Nigeria: Another Recession Looms

By Akanimo Sampson

There is a high risk that Nigeria will cycle back into a recession in the new year if oil prices fall below $60 per barrel for any sustained period of time.

Those who have the technical know-how say the country’s economy has remained sluggish despite recovering from a recession in 2017. Growth remains below 2.0%, with per capita growth consistently falling since the inception of the incumbent administration in 2015.

What this tends to show is that there is lack of key reforms by the President Muhammadu Buhari/All Progressives Congress (APC) administration. By implication, this means growth has largely depended on the oil sector’s performance.

However, a recession is when the economy declines significantly for at least six months. That means there is a drop in the following five economic indicators: real Gross Domestic Product (GDP), income, employment, manufacturing, and retail sales. 

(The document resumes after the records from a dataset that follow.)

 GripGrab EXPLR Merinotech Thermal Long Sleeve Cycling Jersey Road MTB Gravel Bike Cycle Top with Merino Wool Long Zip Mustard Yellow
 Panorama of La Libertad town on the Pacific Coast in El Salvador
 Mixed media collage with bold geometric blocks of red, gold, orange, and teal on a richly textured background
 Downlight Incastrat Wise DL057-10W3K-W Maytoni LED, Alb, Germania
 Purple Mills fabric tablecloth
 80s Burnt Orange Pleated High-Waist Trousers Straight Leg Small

People often say a recession is when the GDP growth rate is negative for two consecutive quarters or more. But a recession, according to those who know better,  can quietly begin before the quarterly GDP reports are out. That is why some researchers always measure the other four factors. That data comes out monthly. When these economic indicators decline, so will GDP.

Usually, recession is underway when there are several quarters of slowing but still positive growth. Often a quarter of negative growth will occur, followed by positive growth for several quarters, and then another quarter of negative growth.

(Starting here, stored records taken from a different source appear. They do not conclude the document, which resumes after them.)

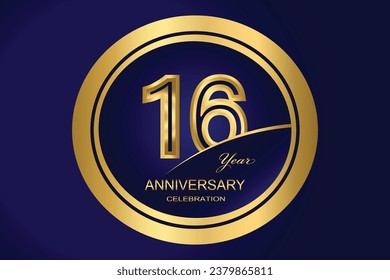 16 Year Anniversary Logo, Golden Color, Vector Template Design element for birthday, invitation, wedding, jubilee and greeting card illustration.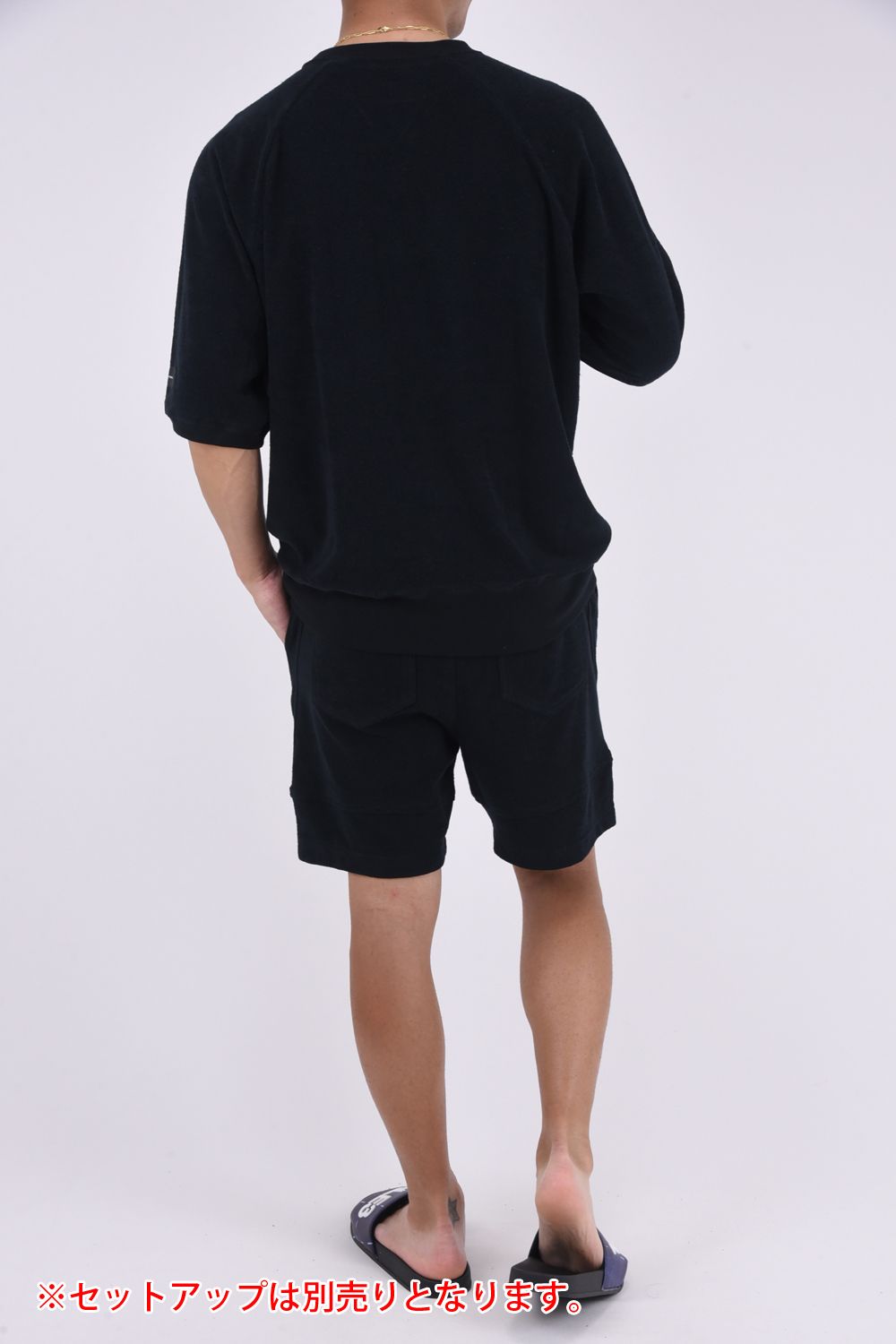 PILE HALF SLEAVE / パイル素材 オーバーサイズTシャツ ブラック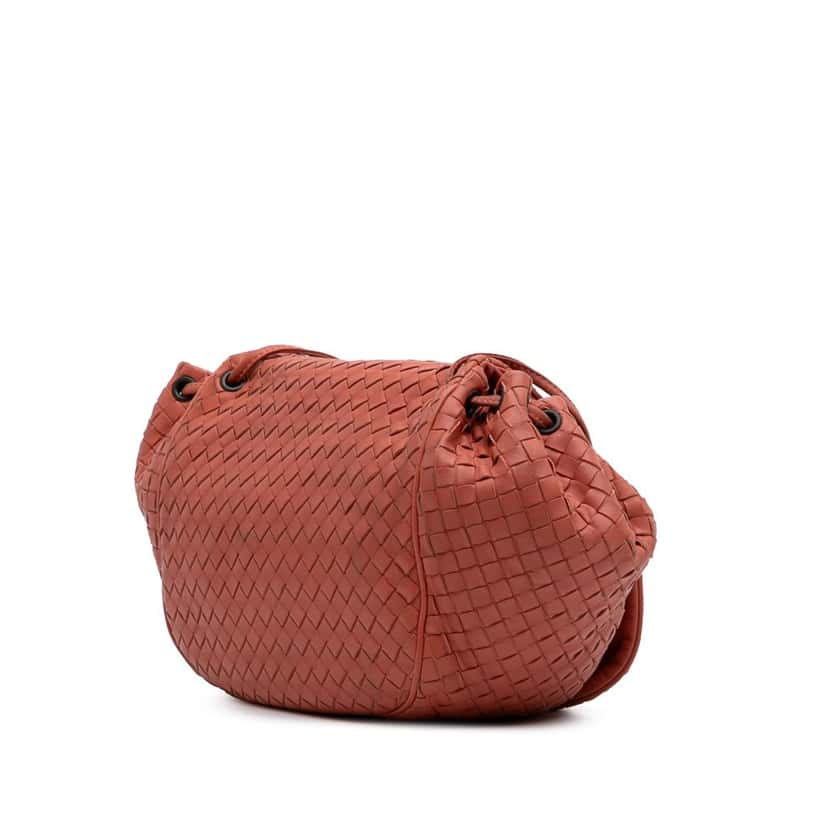 Bottega Veneta Nappa Intrecciato Flap Crossbody Red Leather Good condition - Back View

With negative growth recorded for the fifth consecutive quarter, some sources have said Nigeria’s economy is mired in recession. However slightly, the Buharinomics appears to be inching towards growth as even though the economy shrank by 0.52% in the first quarter of 2017, it represents an improvement compared to previous quarters.

Analysts suggest the slight improvement in GDP growth could mean the worst could be over for Nigeria’s economy. “The positive which can be taken from the figure is that the hemorrhaging has stopped, thus clearing the path to growth,” analysts at SBM Intelligence, a Lagos-based firm, commented in a note.

The negative growth rate since the start of last year has been mainly attributed to a drop in the country’s foreign revenues, following the fall in price of oil—Nigeria’s main export. But just as critical, a brief resumption in militancy in the Niger Delta, the country’s main oil and gas region, last year saw oil production levels tank to 20-year lows, making a bad situation much worse.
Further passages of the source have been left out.